Feeding Your Vicar Cat Food (‘Oy, Rodney’)

a gripping page-turner headed for the top of the NY Times bestseller list | Romance novels, Funny romance, Book parody

Violet Crepuscular, “The Queen of Suspense,” prepares to launch Chapter DCLXXXIV of her epic romance, Oy, Rodney, with these few words to the reader.

“Imagine how different the whole world would have been,” she aviates, “had Parliament not passed a law forbidding the feeding of cat food to members of the clergy! I for one can’t imagine it! In fact, I think I’d better go lie down.”

We can only speculate on what she would have or might have written this weekend, had she been up to it. Dog-walker Eileen Spelunky of Baldy, Wisconsin, thinks she has the answer.

“But I ain’t tellin’,” she asserts: “not unless I git $500.”

We know what’s wrong with Ms. Crepuscular: all those toothpaste sandwich cookies going to bed, not to mention washing it down with maple syrup. It makes me woozy, just to think about it.

Meanwhile, we have not been told how far the traveling executioner has yet to go to reach Scurveyshire. Willis Twombley is sure he can bribe him to drop the case. “I wouldn’t of given the vicar no cat food,” he explains, “only he kept meowing for it.”

[I’m sorry, that does it–a lie-down for me, too!]

The Executioner Makes House Calls (‘Oy, Rodney’)

a gripping page-turner headed for the top of the NY Times bestseller list | Romance novels, Funny romance, Book parody

[If that ain’t the best headline I ever wrote, I’ll eat my hat.]

“Dear reader,” says Violet Crepuscular, introducing Chapter DCLXXXIII (No, we do not know what happened to Chapter DCLXXXII) of her epic romance, Oy, Rodney, “you may have heard that confession is good for the soul. But Willis Twombley could tell you that sometimes it’s not too good for the rest of you!” [You have no idea how hard it was to restrain her from stretching this sentence out to the fringes of the solar system. You want to be an editor!? I could’ve been a tire salesman…]

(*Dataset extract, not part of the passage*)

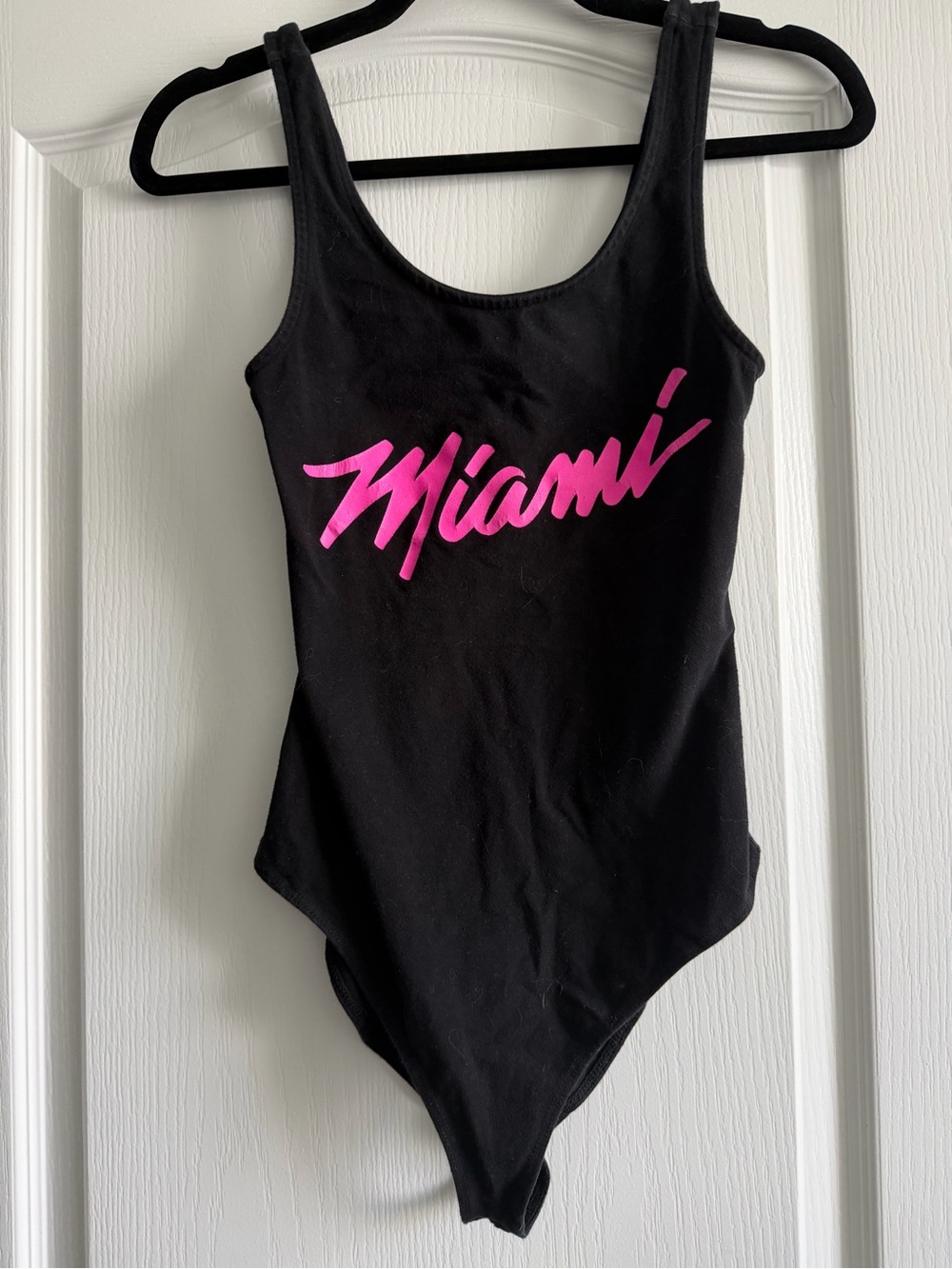 Miami Heat NBA Women’s Black Bodysuit with Pink "Miami" Script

It turns out that Parliament has just passed a law forbidding anyone to feed cat food to a Church of England vicar. That is exactly what Willis Twombley has done, and word of it has spread like yogurt. (Don’t ask!) The new law carries a death penalty, although in this case the victim can receive the treatment at home.

“Hadn’t you better move on, old chap, before the traveling executioner gets here?” asks Lord Jeremy Coldsore.

“What–and miss the wedding?” Both men are to be married to Lady Margo Cargo, who believes them to be one and the same person. “Anyhow, there ain’t nothin’ easier than bribin’ an executioner to say he did the job when he didn’t.”

But what if this executioner doesn’t take a bribe?